▸ **Goal of the exercise**:
Where the data below begins, start retyping exactly, and end on the line with "Enjoy streamlined communication", which is included; no picture goes in.

——————————

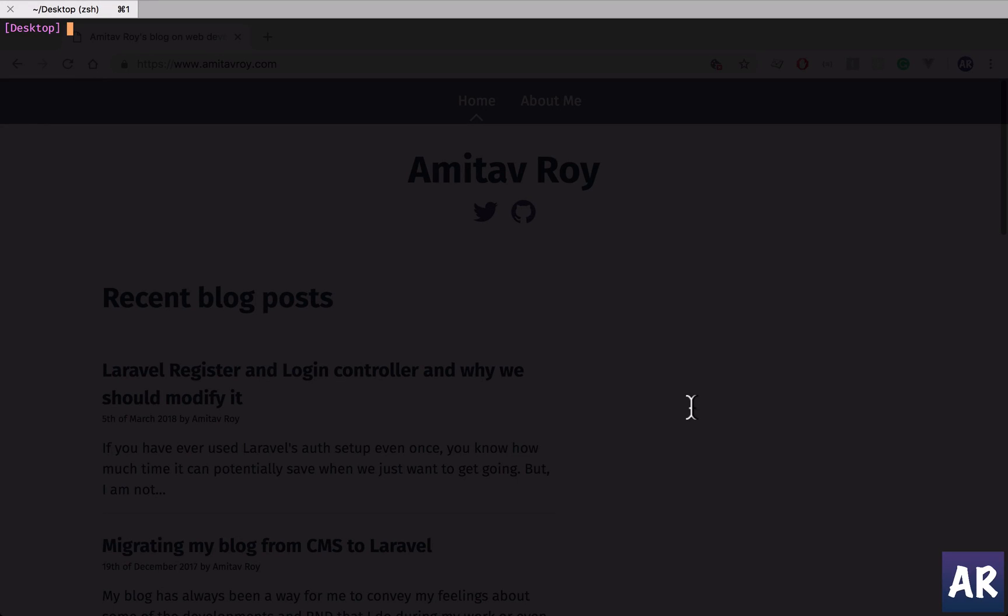Alright, in this lesson we will start with a clean Laravel instance. We'll download it from Composer and set up our web server. I'll launch it from Composer create project.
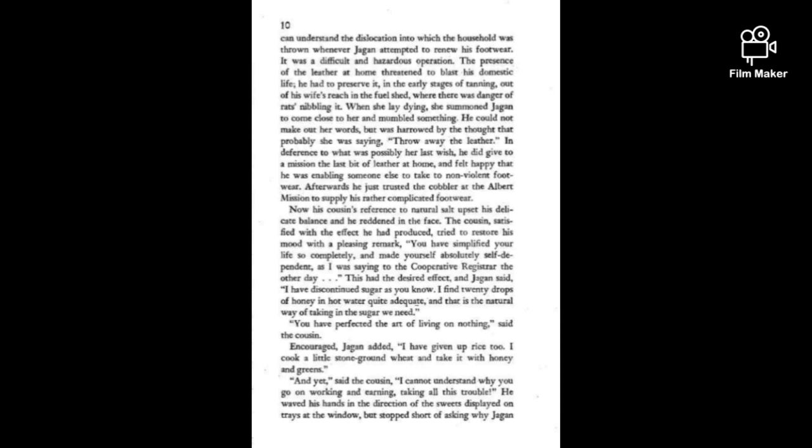When she lay dying, she summoned Jagan to come closer to her and mumbled something. He could not make out her words but was harrowed by the thought that probably she was saying, throw away the leather. He did give away the last bit of leather at home to a mission and felt happy that he was enabling someone else to take to non-violent footwear. Afterwards he just trusted the cobbler at the Albert Mission to supply his rather complicated footwear.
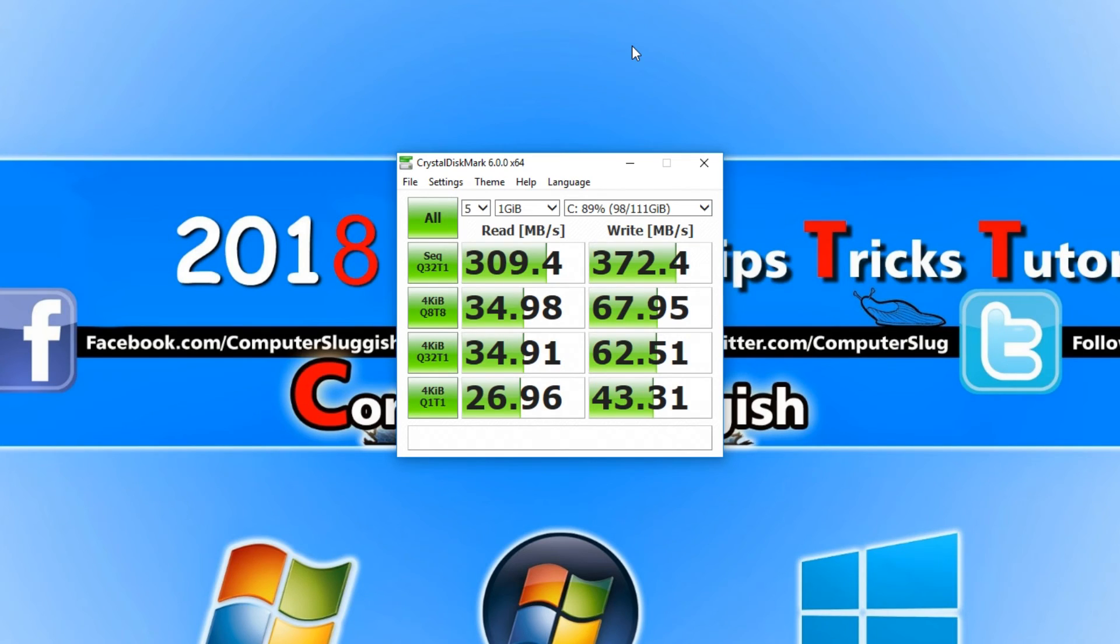If you want to know what hard drive I did use in this tutorial it was the Samsung SSD 850 Evo.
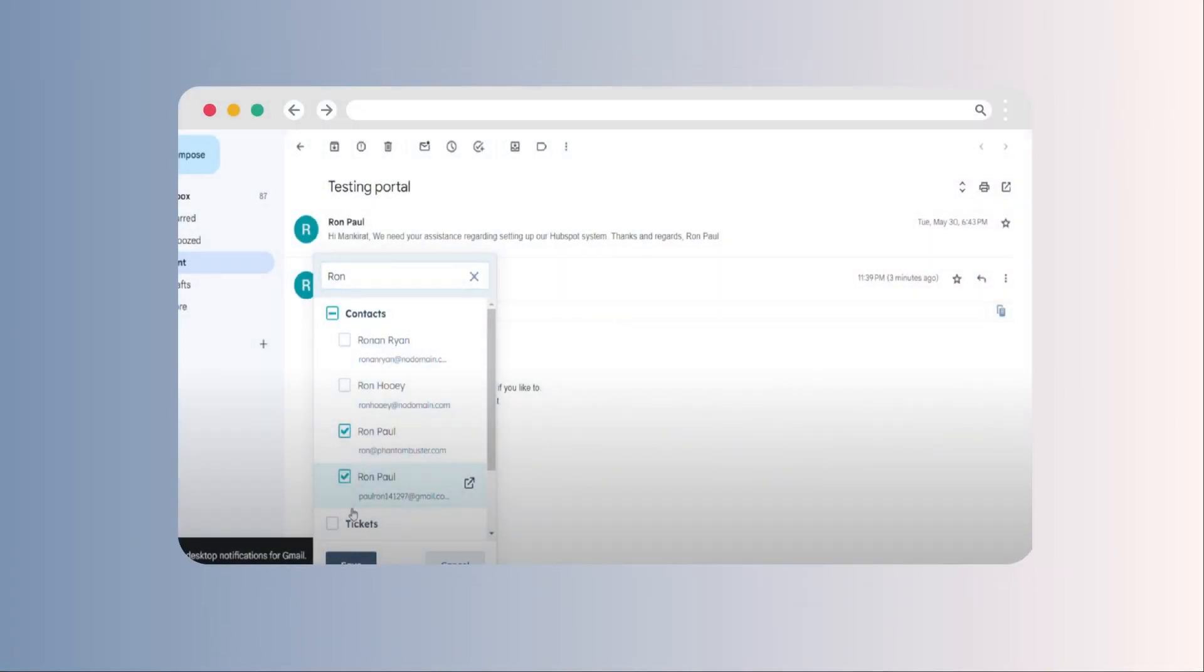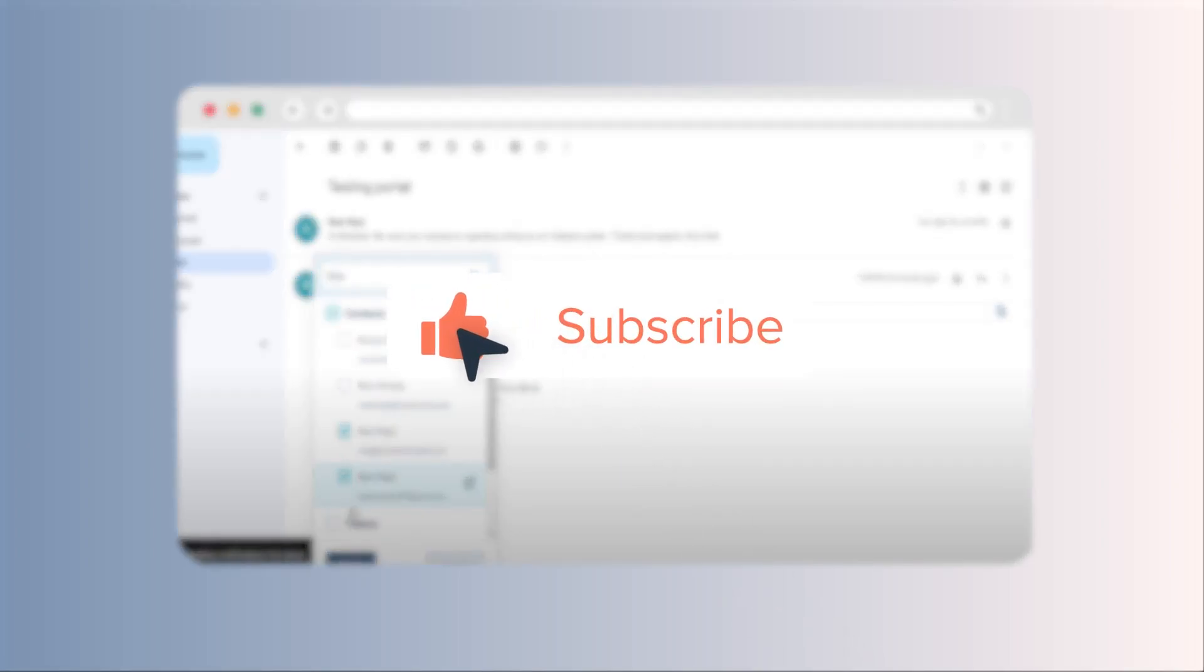Enjoy streamlined communication and improved productivity with the HubSpot Sales Extension. If you found this video helpful, hit the like button and subscribe to HubSpot tutorials by WebDuo for more engaging content.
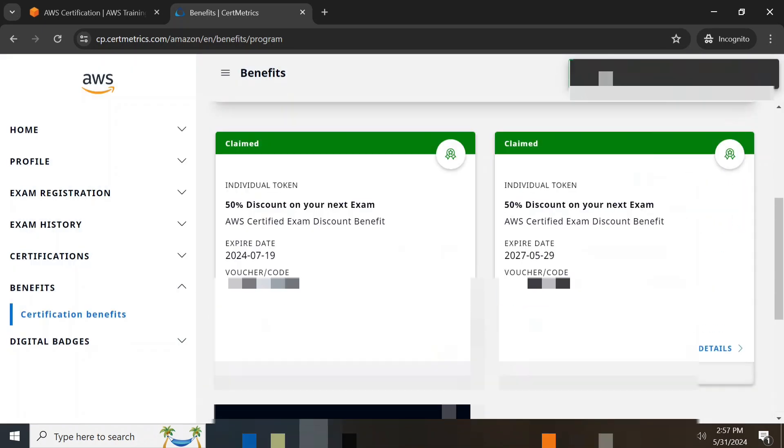Here I got the voucher. We can use this voucher for any AWS exam next time when you are booking. Apply this voucher to reduce the cost. I hope you guys understood. Thank you so much for watching this video.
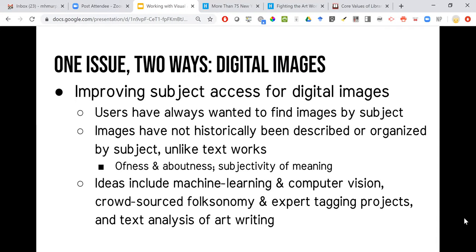The first is thinking about digital images and their relationship to libraries — one issue, two ways. Research on information behavior with images shows that users have always wanted to find images by subject. Text works have historically been organized by subject, but images haven't. Museums maintain what's called label copy — creator, date, materials, size — but the subject of the work is not usually captured there. When images were catalogued in databases by cultural institutions like museums originally, the metadata used was basically just translated label copy.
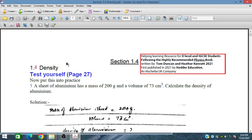Bismillahirrahmanirrahim. In this session we will discuss the topic of density from Orders Education's book for O-level and IGCSE level physics. In this topic we will cover and solve some problems, for example a sheet of aluminium.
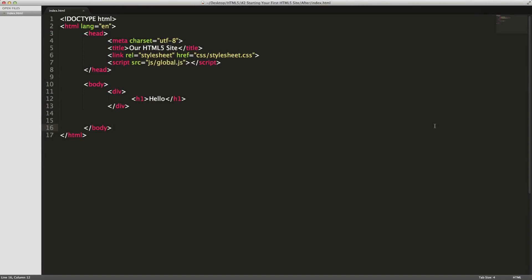Hey what's up, this is Scott with Level Up Tuts. In the last video we left off by creating this really basic HTML5 document, and now we're going to start filling it with some of the new elements, the new tags that we can now use with HTML5.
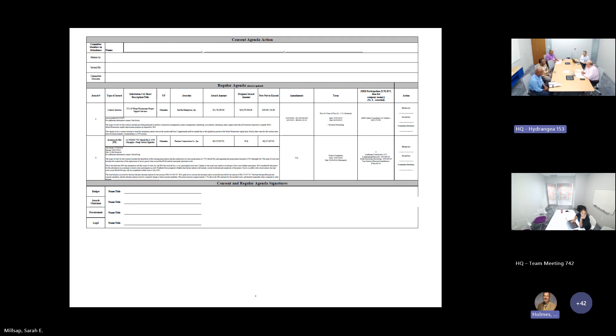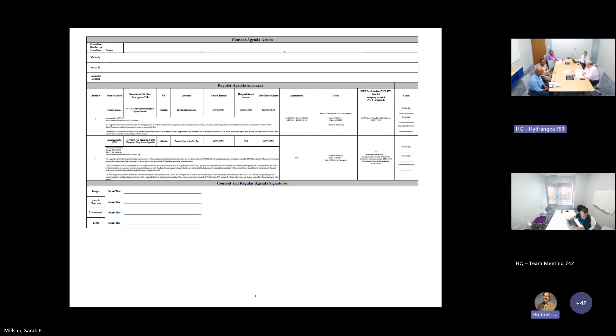Is there anyone else that has any questions on item number one? That answered my question. So I would entertain a motion. So moved. Second. That was Hi with the motion, David with the second. All those in favor, say aye. Aye. Any opposed? Hearing none, the motion is adopted.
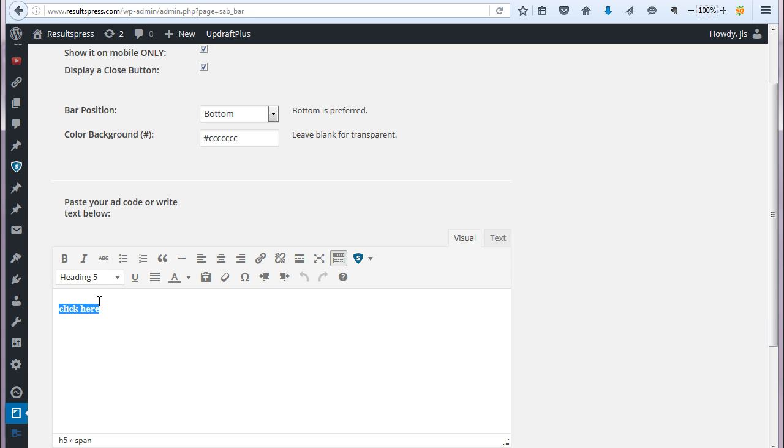So you could also, if you just have like an offline business and you wanted to basically just encourage people to go to your set up an appointment page. You could just say something like schedule a time with us.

——————————

▸ **Task output**:
Alright, in this lesson we will start with a clean Laravel instance. We'll download it from Composer and set up our web server. I'll launch it from Composer create project.
When she lay dying, she summoned Jagan to come closer to her and mumbled something. He could not make out her words but was harrowed by the thought that probably she was saying, throw away the leather. He did give away the last bit of leather at home to a mission and felt happy that he was enabling someone else to take to non-violent footwear. Afterwards he just trusted the cobbler at the Albert Mission to supply his rather complicated footwear.
If you want to know what hard drive I did use in this tutorial it was the Samsung SSD 850 Evo.
Enjoy streamlined communication and improved productivity with the HubSpot Sales Extension. If you found this video helpful, hit the like button and subscribe to HubSpot tutorials by WebDuo for more engaging content.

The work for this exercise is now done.